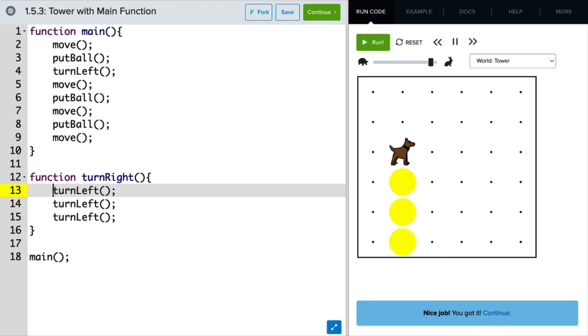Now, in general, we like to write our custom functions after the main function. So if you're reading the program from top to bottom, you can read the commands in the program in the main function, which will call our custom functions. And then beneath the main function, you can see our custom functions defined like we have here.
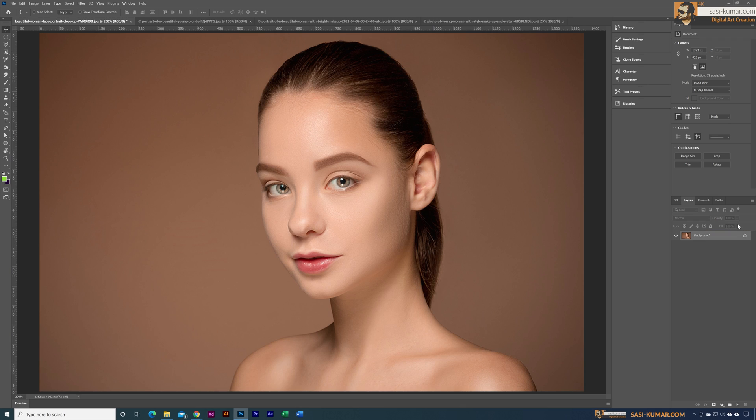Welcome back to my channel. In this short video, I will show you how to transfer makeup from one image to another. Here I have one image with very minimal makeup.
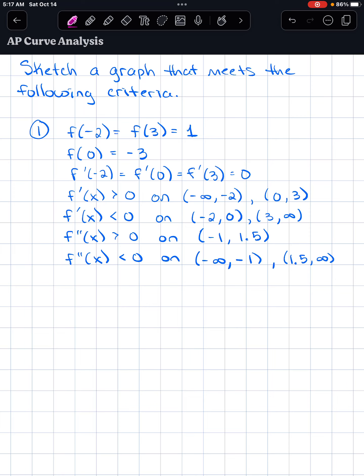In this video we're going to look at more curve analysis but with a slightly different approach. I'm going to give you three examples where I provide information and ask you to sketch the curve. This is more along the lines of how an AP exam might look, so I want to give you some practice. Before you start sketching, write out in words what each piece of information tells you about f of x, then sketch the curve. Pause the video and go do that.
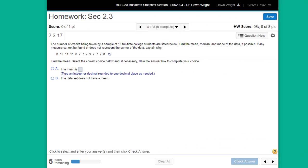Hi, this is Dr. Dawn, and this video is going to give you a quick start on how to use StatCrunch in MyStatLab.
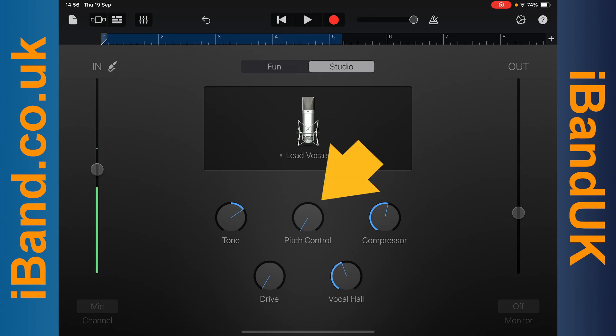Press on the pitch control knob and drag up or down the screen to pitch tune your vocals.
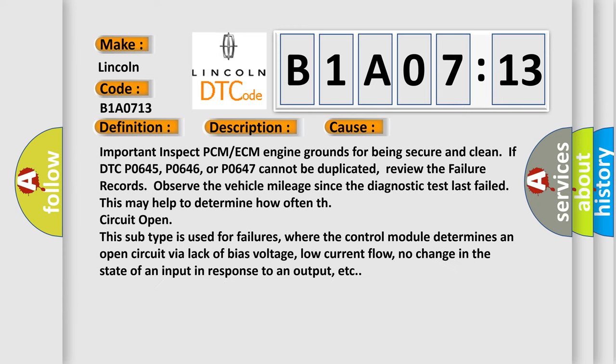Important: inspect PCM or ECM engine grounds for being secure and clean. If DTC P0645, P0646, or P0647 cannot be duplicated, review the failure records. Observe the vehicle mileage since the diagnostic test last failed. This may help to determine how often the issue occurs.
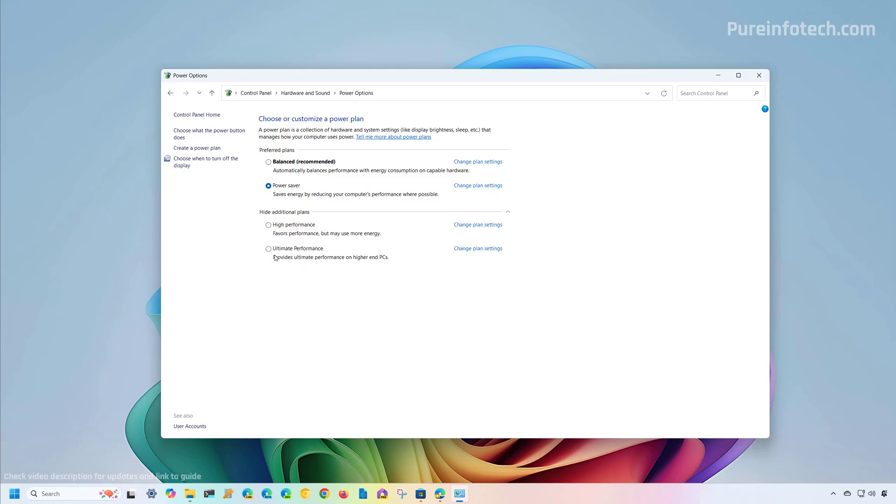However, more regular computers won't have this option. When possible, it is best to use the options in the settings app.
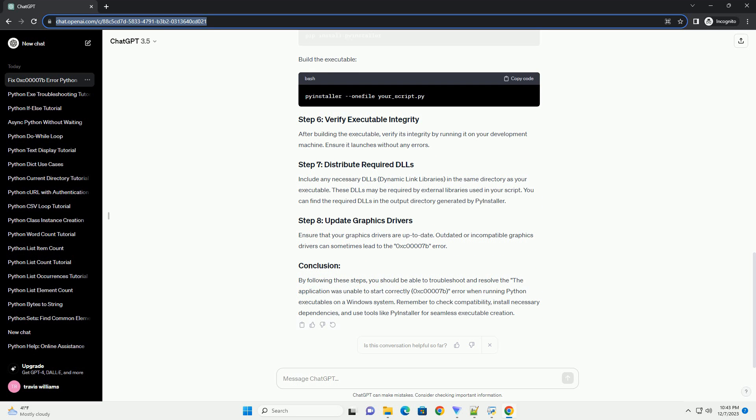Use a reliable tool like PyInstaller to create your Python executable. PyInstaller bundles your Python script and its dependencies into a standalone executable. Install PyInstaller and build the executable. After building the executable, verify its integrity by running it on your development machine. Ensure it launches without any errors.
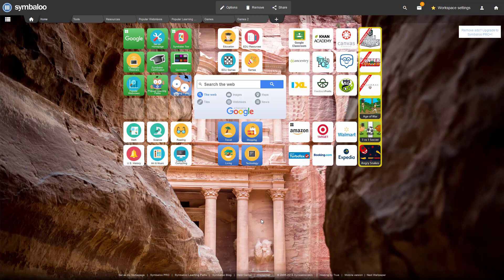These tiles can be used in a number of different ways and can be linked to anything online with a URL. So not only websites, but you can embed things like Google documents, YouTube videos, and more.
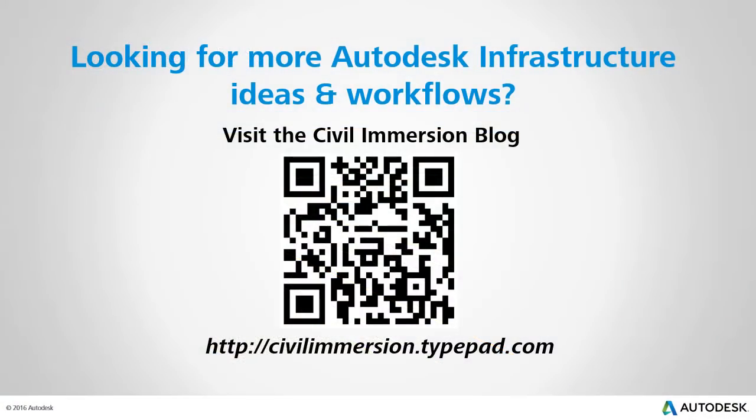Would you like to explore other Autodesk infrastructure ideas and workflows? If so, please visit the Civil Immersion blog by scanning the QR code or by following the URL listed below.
__________
• **Exercise aim**:
Set down the data again, exactly, without images.

• **Solution for this problem**:
Now, in general, we like to write our custom functions after the main function. So if you're reading the program from top to bottom, you can read the commands in the program in the main function, which will call our custom functions. And then beneath the main function, you can see our custom functions defined like we have here.
Welcome back to my channel. In this short video, I will show you how to transfer makeup from one image to another. Here I have one image with very minimal makeup.
In this video we're going to look at more curve analysis but with a slightly different approach. I'm going to give you three examples where I provide information and ask you to sketch the curve. This is more along the lines of how an AP exam might look, so I want to give you some practice. Before you start sketching, write out in words what each piece of information tells you about f of x, then sketch the curve. Pause the video and go do that.
Hi, this is Dr. Dawn, and this video is going to give you a quick start on how to use StatCrunch in MyStatLab.
Press on the pitch control knob and drag up or down the screen to pitch tune your vocals.
Important: inspect PCM or ECM engine grounds for being secure and clean. If DTC P0645, P0646, or P0647 cannot be duplicated, review the failure records. Observe the vehicle mileage since the diagnostic test last failed. This may help to determine how often the issue occurs.
However, more regular computers won't have this option. When possible, it is best to use the options in the settings app.
Use a reliable tool like PyInstaller to create your Python executable. PyInstaller bundles your Python script and its dependencies into a standalone executable. Install PyInstaller and build the executable. After building the executable, verify its integrity by running it on your development machine. Ensure it launches without any errors.
These tiles can be used in a number of different ways and can be linked to anything online with a URL. So not only websites, but you can embed things like Google documents, YouTube videos, and more.
Would you like to explore other Autodesk infrastructure ideas and workflows? If so, please visit the Civil Immersion blog by scanning the QR code or by following the URL listed below.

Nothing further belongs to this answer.